Abstract

Abstract Environmental arsenic is a known human carcinogen that is associated with cancers in lung, liver, skin, breast, bladder, kidney, prostate, etc. However, the underpinnings of malignant transformation of the normal cells in response to environmental arsenic exposure remain poorly understood, in part due to mixed signaling pathways elicited by arsenic, especially the inorganic trivalent arsenic (As 3+). In the present report we profiled the trimethylation status of histone H3 through global chromatin immunoprecipitation followed by sequencing (ChIP-seq) in the As 3+ -induced transformed cells and found an overall gain of active methylation of histone H3, the trimethylation of lysine 4 of histone H3 (H3K4me3), along with a diminished enrichment of the repressive marker H3K27me3 in the genome in the transformed cells relative to the control cells.
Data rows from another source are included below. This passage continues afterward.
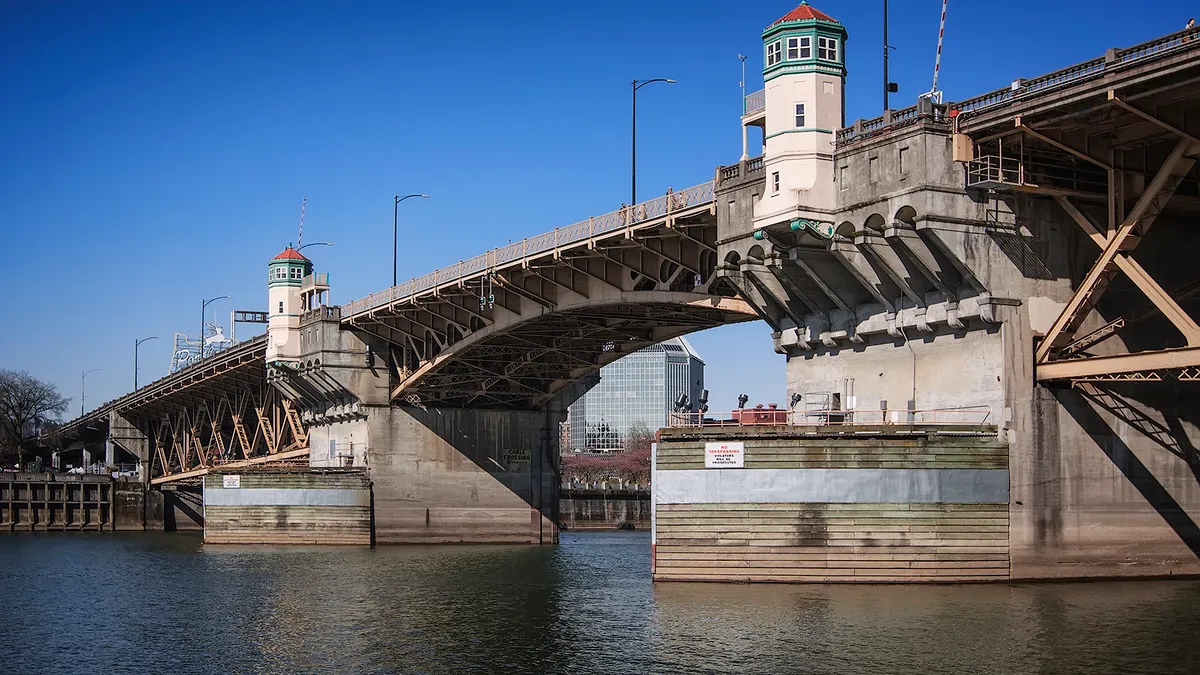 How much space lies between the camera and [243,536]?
294 feet

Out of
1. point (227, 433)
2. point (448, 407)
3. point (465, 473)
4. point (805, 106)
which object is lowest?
point (465, 473)

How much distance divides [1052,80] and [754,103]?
1221 centimetres

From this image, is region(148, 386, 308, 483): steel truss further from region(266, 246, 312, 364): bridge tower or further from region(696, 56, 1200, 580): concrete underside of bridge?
region(696, 56, 1200, 580): concrete underside of bridge

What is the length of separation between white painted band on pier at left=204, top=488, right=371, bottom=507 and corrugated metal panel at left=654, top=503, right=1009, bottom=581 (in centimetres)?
4634

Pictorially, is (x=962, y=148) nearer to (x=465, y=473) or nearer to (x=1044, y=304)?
(x=1044, y=304)

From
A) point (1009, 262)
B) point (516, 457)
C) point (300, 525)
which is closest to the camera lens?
point (1009, 262)

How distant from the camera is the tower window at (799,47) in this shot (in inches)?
1925

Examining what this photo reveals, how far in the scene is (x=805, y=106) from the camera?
49219 millimetres

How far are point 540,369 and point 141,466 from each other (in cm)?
→ 6919

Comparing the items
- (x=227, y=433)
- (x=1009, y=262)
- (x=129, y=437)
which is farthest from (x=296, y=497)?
(x=129, y=437)

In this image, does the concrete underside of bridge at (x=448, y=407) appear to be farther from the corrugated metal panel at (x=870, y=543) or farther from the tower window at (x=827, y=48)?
the corrugated metal panel at (x=870, y=543)

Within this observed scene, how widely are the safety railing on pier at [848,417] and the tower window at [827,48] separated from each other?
1196cm

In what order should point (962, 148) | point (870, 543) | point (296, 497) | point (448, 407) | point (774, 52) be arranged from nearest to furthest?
1. point (962, 148)
2. point (870, 543)
3. point (774, 52)
4. point (296, 497)
5. point (448, 407)

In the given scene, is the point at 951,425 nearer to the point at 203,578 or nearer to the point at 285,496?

Many oncogenic genes responsible for cell proliferation and selfrenewal of the cancer stem-like cells are enriched with H3K4me3 along with a reduced level of H3K27me3 and/or H3K9me3. In contrast, some genes encoding proteins with tumor suppressor-like activity showed reduced enrichment of the active marker, H3K4me3, but elevated levels of the repressive markers, H3K27me3 and H3K9me3. These data, thus, suggest that the carcinogenicity of As 3+ is achieved through regulating histone methylations that define the chromatin configuration and gene expression dynamics of the genome and the cell fate decision.